As we have already discussed, when a filter capacitor is connected to the output of a rectifier circuit, that capacitor charges to the peak rectified voltage during any half cycle that the rectifier is producing an output voltage. The capacitor then provides energy to the load until the rectifier produces anothe peak to charge the capacitor.

But what happens if we rearrange the circuit components a bit? Can we get the charge placed on the capacitor during one half-cycle to be added to the rectifier output during the other half-cycle? How far might we extend such an arrangement, and what would be the cost in both output ripple and available output current?

There are multiple possibilities, and we will examine the main ones on this page.



A Full-Wave Voltage Doubler

A dual-output half-wave rectifier. A basic full-wave voltage doubler.

Consider the dual-output half-wave rectifier circuit shown to the left. This is the same circuit we looked at on the page on rectifiers. If we simply add two filter capacitors to the two outputs, we'll have two output voltages: one negative, and one positive. Each output will have a significant amount of ripple as soon as load current is drawn from it, but the peak output voltage will be equal to the peak voltage of the whole transformer secondary winding.

Now, suppose we make one change, as shown in the circuit diagram to the right. This change is simply to use the negative output as our ground reference, and take the positive output voltage as our only output from the power supply. Since each capacitor charges to the peak secondary voltage, the output voltage from this circuit will be the sum of the two capacitor voltages, or twice the peak voltage of the secondary winding.

This circuit, then, operates in such a way as to produce an output voltage that is twice the transformer secondary voltage. Therefore, it is known as a voltage doubler. More accurately, it is a full-wave voltage doubler, because it uses both half-cycles of the incoming ac wave.

Of course, doubling the output voltage comes at a price. Each capacitor is charged individually from its rectifier, but they appear in series to the output. Therefore, the available output current is only half the current that would be available from a half-wave rectifier by itself. This makes intuitive sense as well: you cannot get more energy out of the circuit than you put into it. Therefore, if you double the output voltage, you must cut the current in half to maintain the same power level.

The other factor is the ripple voltage. Each capacitor is recharged while the other is discharging, so there is some cancellation of the ripple voltages. Nevertheless, the output ripple of this circuit is significant, and will normally require either additional filtering or regulation to be usable by most electronic circuits.



Rearranging the Doubler Circuit

An alternative voltage doubler.

If we rearrange the diode and capacitor in the negative half of the voltage double circuit above, we get the circuit shown to the right. This time, one end of the secondary winding is grounded, so that is our reference point. The ungrounded end will be driven alternately negative and positive with respect to ground.
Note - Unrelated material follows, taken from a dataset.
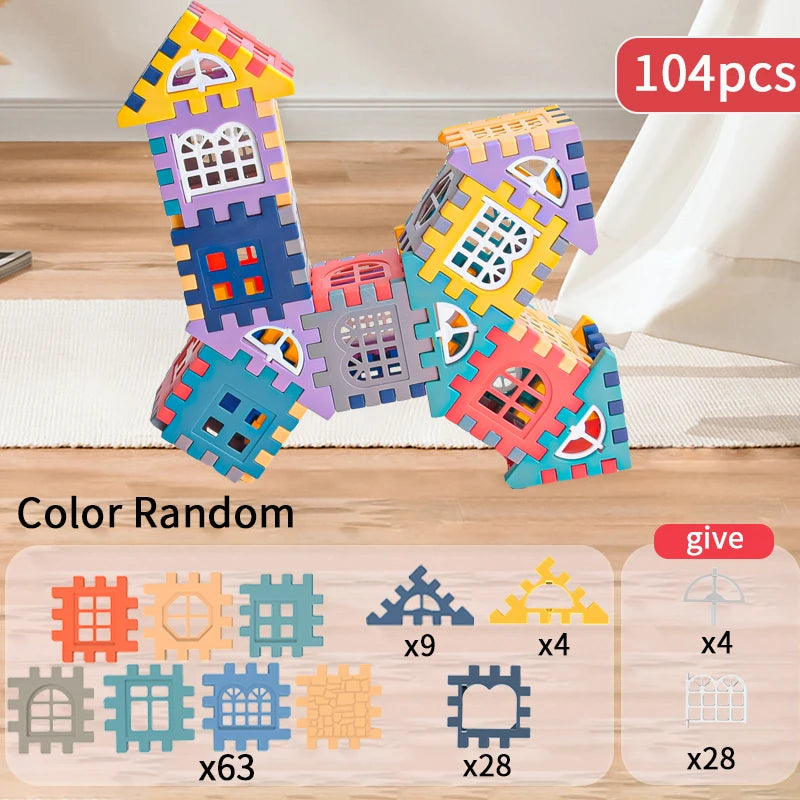 Large scale house building block simulation window design, kindergarten construction, creation of boys and girls large house bui - CADA BRICKS®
This circuit operates in a manner that is not quite as straight-forward as the original voltage doubler we examined. To understand the operation of this circuit clearly, we need to take a detailed look at it during successive half-cycles of the ac input from the transformer. We will initially assume ideal components and that C1 = C2.

With real-world components, of course, there is a small voltage drop across each diode when it is forward biased. Also, any load on this circuit will draw current from C2 at all times, thus discharging this capacitor to some extent. However, on each positive half-cycle, C1 will recharge C2 from the voltage it had at the start of the half-cycle halfway up to +2vp.
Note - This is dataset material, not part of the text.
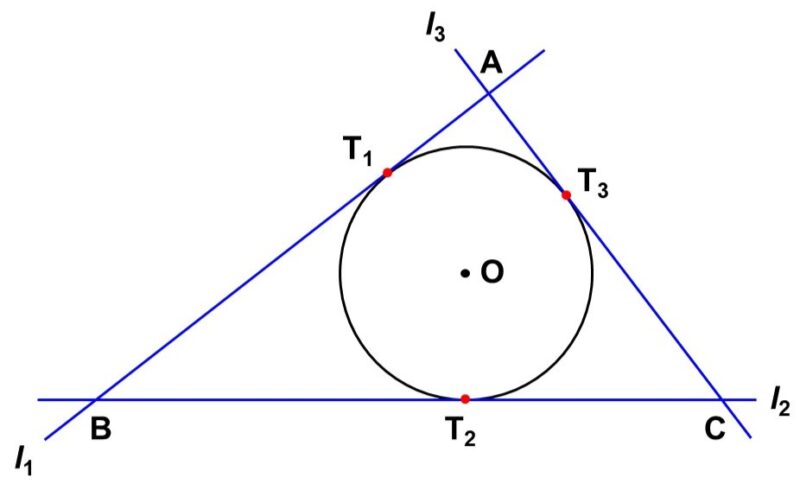 3本の接線によって三角形ができる様子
Note that the output current capacity of this circuit is still only half the current capacity of a normal rectifier circuit. Any attempt to draw additional current from the voltage doubler will simply cause C2 to discharge faster, thus reducing the output voltage. It is never possible to get more power out of the voltage doubler than goes into it.

We can speed up the charging and recharging of C2 if we make C1 larger than C2. For example, if C1 = 100µf and C2 = 10µf, C1 can transfer much more charge to C2 on each positive half-cycle, and the voltage on C2 will increase much faster than the voltage on C1 will decrease. Of course, this also means that the output current capacity is even more limited, since C2 will discharge rapidly as well as charging rapidly.

Voltage doublers are very useful in situations where the load current is relatively light, and the required voltage is higher than is available from a standard transformer. For example, many standard transformers have output voltages of 6.3 vac, 12.6 vac, and 25.2 vac. This dates back to the days of vacuum tubes, before transistors and integrated circuits were developed. Vacuum tubes require a heated filament, much like the filament in an incandescent light bulb, and most such filaments were standardized to operate at either 6.3 vac or 12.6 vac. Hence, many transformers were designed to provide power to these filaments, and the voltage ratings for transformer secondary windings have remained standard even though most applications for vacuum tubes have been turned over to semiconductor devices.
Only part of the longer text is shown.